No Contest Clauses – Boilerplate or Bombshell

by Morgan Wiener

While fiduciary litigation often arises due to family conflicts and changes in family circumstances, another frequent source of litigation is the decedent’s estate planning documents themselves.  Estate planners often include a no contest clause in a will in the hopes of preventing a fight over the validity of the instrument; however, it is often these no contest clauses themselves that are the source of the very litigation they seek to prevent.

A no contest, or in terrorem, clause is a provision found most frequently in a will, although it can also be included in trusts, designed to discourage litigation over the testator’s estate plan by disinheriting a person who unsuccessfully contests the will.  A will contest can encompass a variety of different challenges to a will and is broadly defined by Black’s Law Dictionary as “[a]ny kind of litigated controversy concerning the eligibility of an instrument to probate.”

Planners (and potential will contestants) may believe that these clauses are generally not enforced and, consequently, include them in estate planning documents as boilerplate.  This belief is not unfounded, as one of Colorado’s leading cases on the subject, In re Estate of Peppler, states that “[w]hile no-contest clauses in wills are generally held to be valid and not violative of public policy, such clauses are to be strictly construed, and forfeiture is to be avoided if possible.”  Even the Colorado Probate Code sections on no contest clauses seem to reinforce this belief, stating that “[a] provision in a will purporting to penalize an interested person for contesting the will or instituting other proceedings relating to the estate is unenforceable if probable cause exists for instituting proceedings.”  C.R.S. §§ 15-11-517, 15-12-905.
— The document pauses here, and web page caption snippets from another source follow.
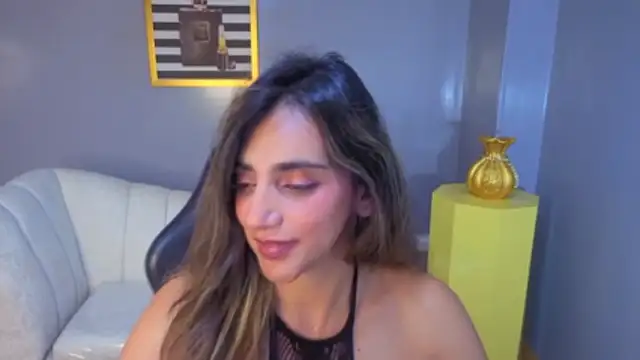 agatha_brooks_t's cam snapshot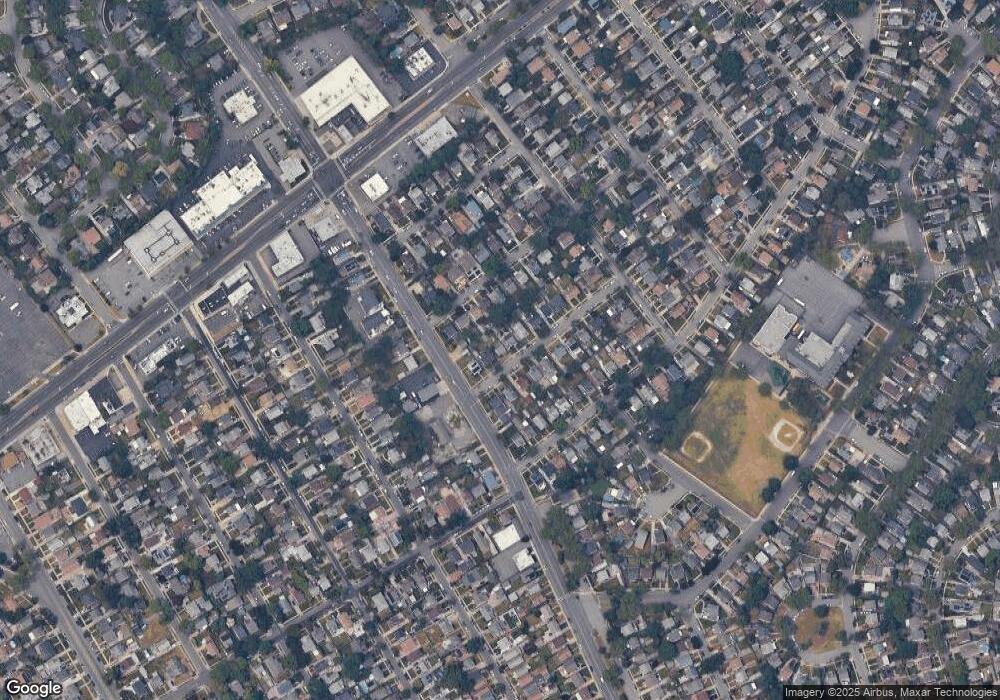 39 Manly Place, New Hyde Park, NY 11040 - photo 1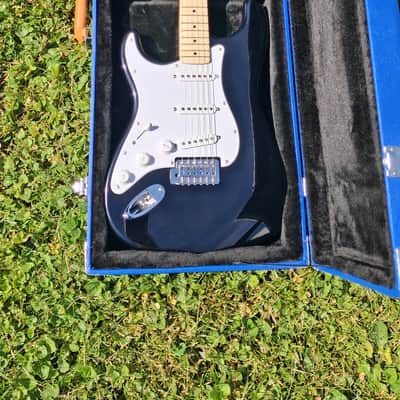 Left-Handed Squier Stratocaster – Black Gloss – SSS – Hard Case Included image 7
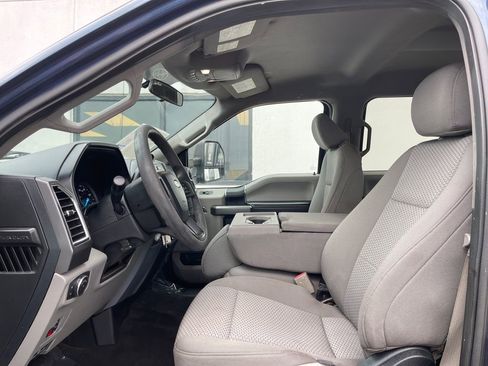 Used 2017 Ford F250 XLT w/ XLT Value Package image 9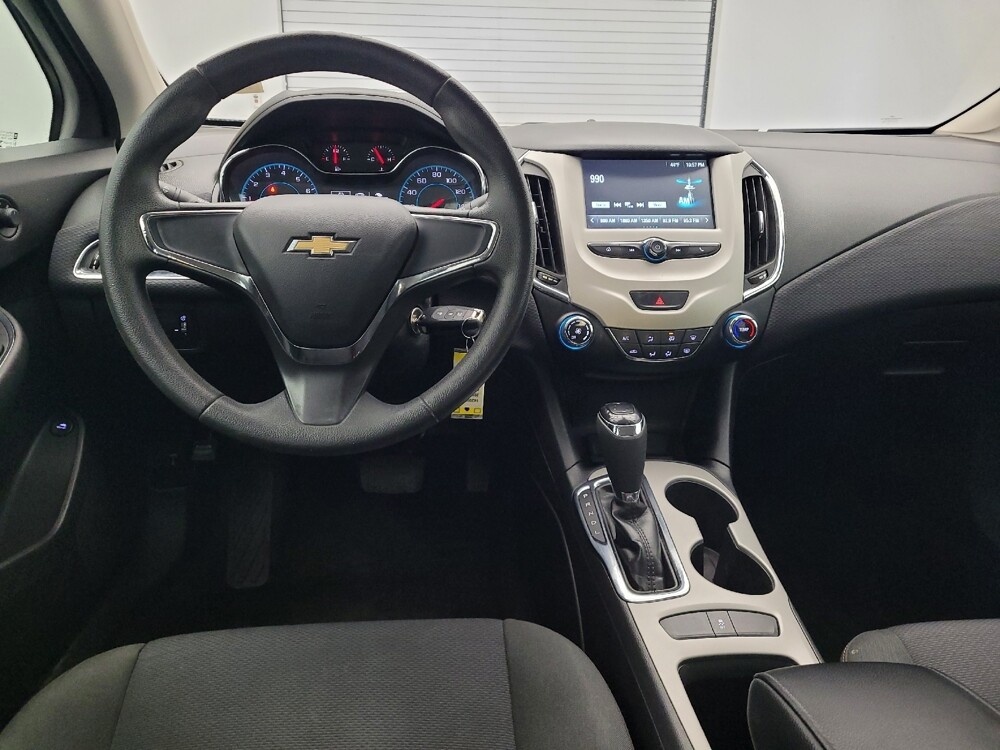 2018 Chevrolet Cruze in Lexington, KY 40509 - 18123822 22
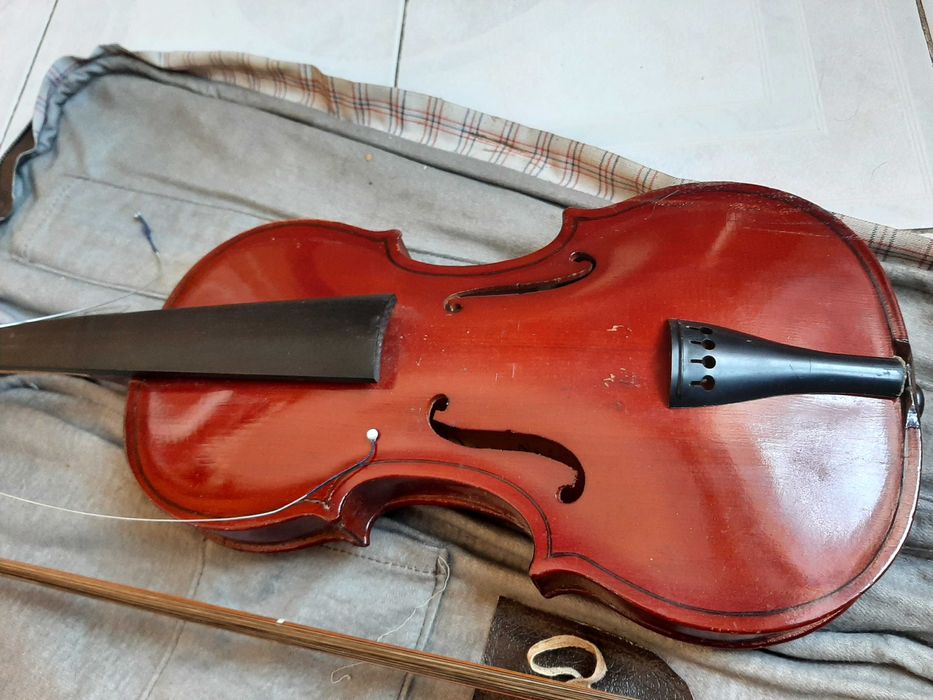 Советская скрипка в футляре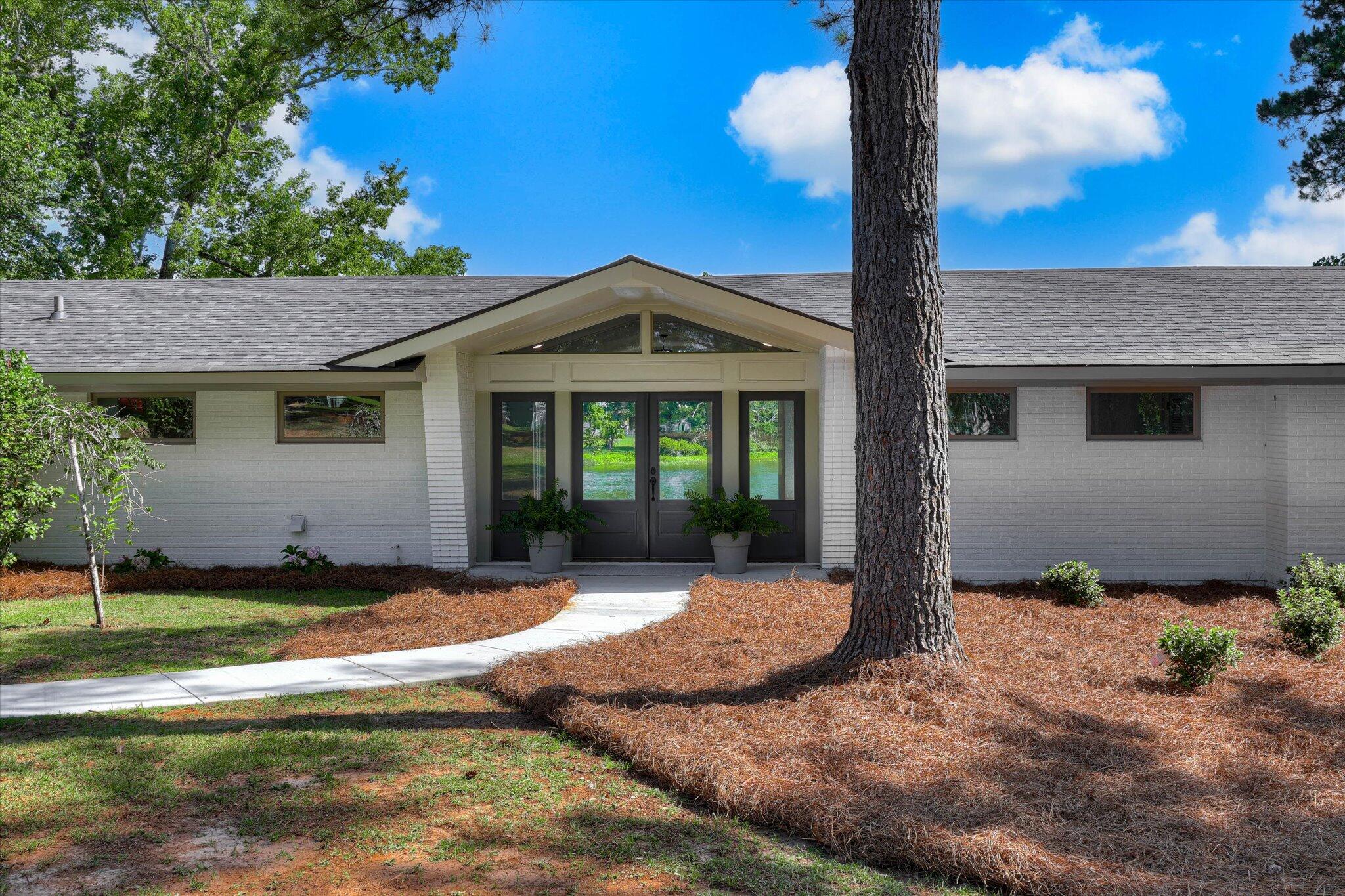 118 Lake Bluff Drive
The reality, however, is that no contest clauses are enforceable when there is no probable cause for bringing the will contest; this office, for example, recently litigated a case in which we had a no contest clause enforced against beneficiaries of an estate and trust. 
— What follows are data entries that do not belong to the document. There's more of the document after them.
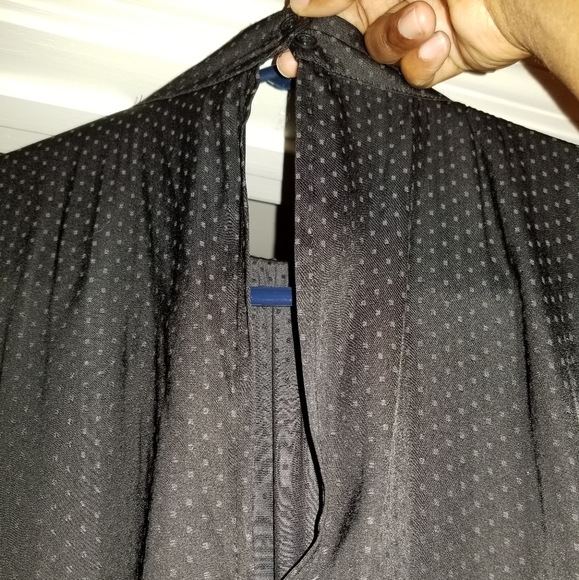 *NEW* H&M long sleeve black dress shirt - Picture 2 of 4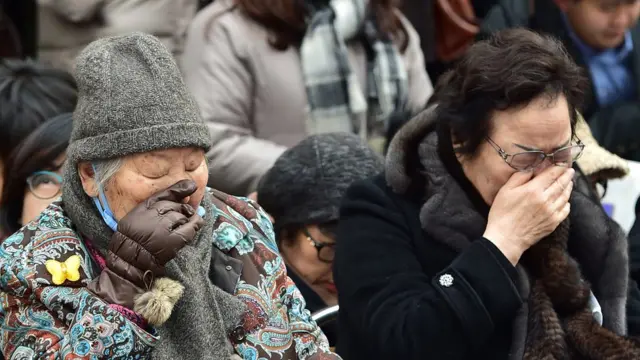 2015年协议达成后，多名韩国慰安妇表明反对，在日本大使馆门外抗议。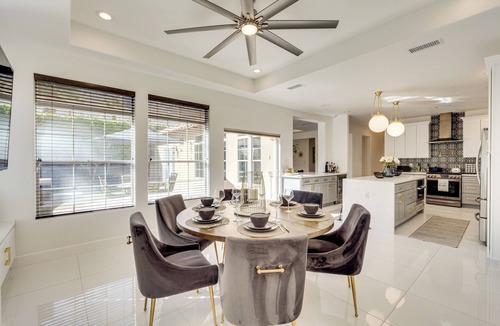 Tahquitz River Estates House | Walk to Dtwn Palm Springs! Chic Desert Oasis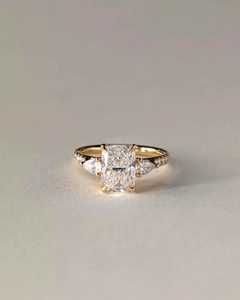 Luxury Style 3.01CT Radiant Cut Trilogy Diamond <b>Ring</b> Lab Grown 14K Solid Gold Engagement Wedding <b>Proposal</b> Fine Jewelry For Bride - Product Image 1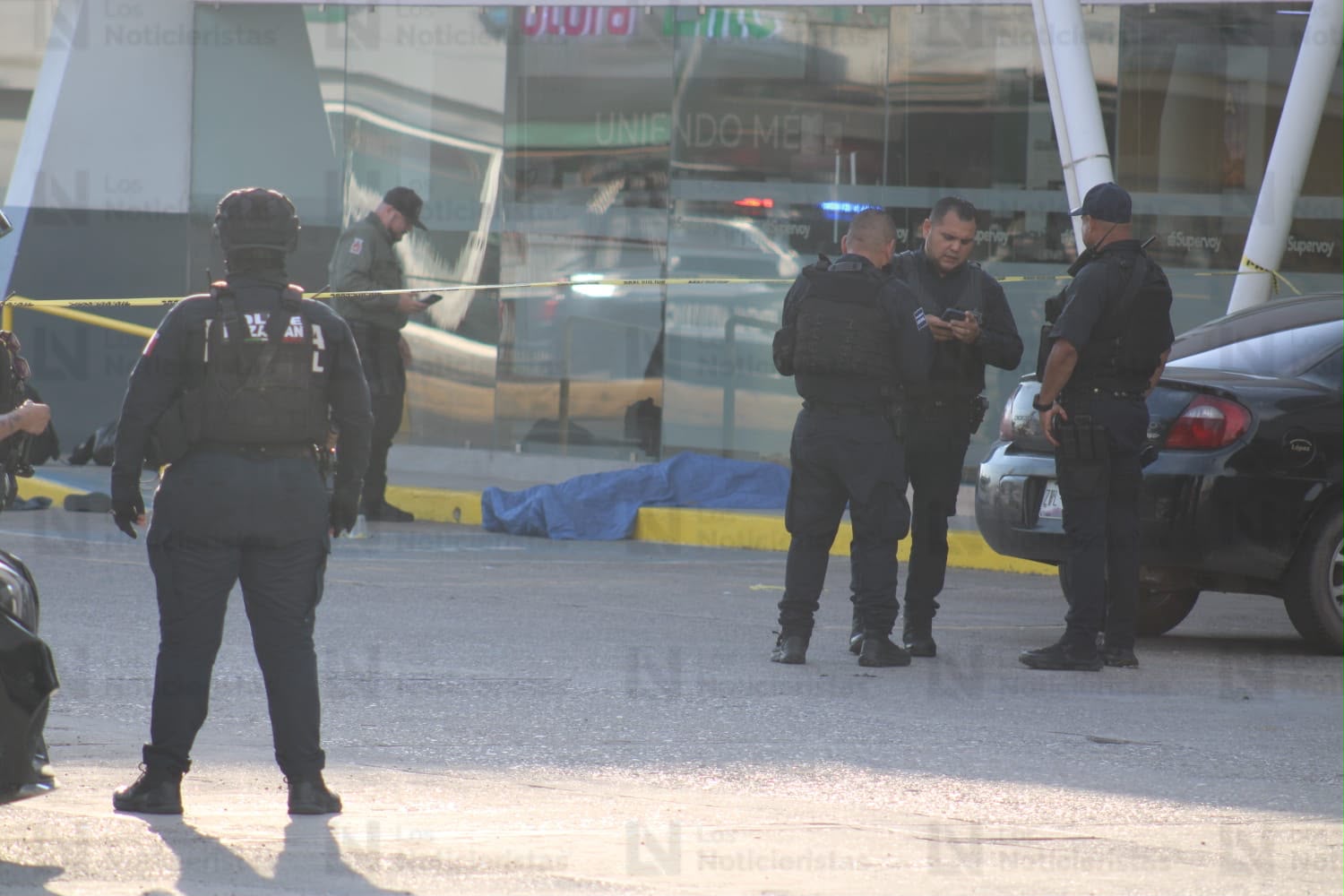 Ataque a balazos en acceso de la central de autobuses de Mazatlán deja un muerto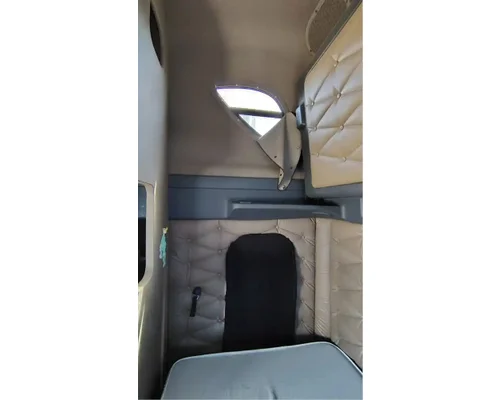 FREIGHTLINER Cascadia 125 Cab Assembly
Under Peppler, probable cause is defined as “the existence, at the time of the initiation of the proceeding, of evidence which would lead a reasonable person, properly informed and advised, to conclude that there is a substantial likelihood that the contest or attack will be successful.”  Colorado commentators have noted that whether the contesting party had a “substantial likelihood of success” is to be considered in light of the burden of proof and the elements of the claim.  David M. Swank, No-Contest Clauses:  Issues for Drafting and Litigating, 29 Colo. Law. 57.  This means that in a challenge to the validity of a will, the contesting party has the ultimate burden to prove by a preponderance of the evidence that the challenged will is invalid because of lack of testamentary capacity, undue influence, fraud, duress, mistake, or revocation.  In determining whether the contesting party was “properly informed and advised”, one factor for the court to consider is whether “the beneficiary relied upon the advice of disinterested counsel sought in good faith after full disclosure of the facts.”  Although “disinterested counsel” is not defined, Colorado commentators have also suggested that “disinterested counsel” does not include the contesting party’s counsel for the will contest because, if the advice of such counsel were sufficient, this factor would be essentially meaningless as nearly every person bringing a contest would be able to meet it.  Id.

As you can see, this probable cause standard has some teeth to it, and complex, fact intensive litigation can arise not only about the challenge to the will itself, but also about whether the no contest clause should be enforced to disinherit the unsuccessful will contestant.  Potential will contestants should, therefore, consider all of the facts, think carefully, and obtain legal advice before bringing a will contest.  Planners should also discuss the issue with their clients before adding a no contest clause to a will, consider whether a challenge to the will is likely and what types of challenges may arise, and make sure that the testator understands that the very tool designed to prevent litigation may itself be the cause of a lawsuit.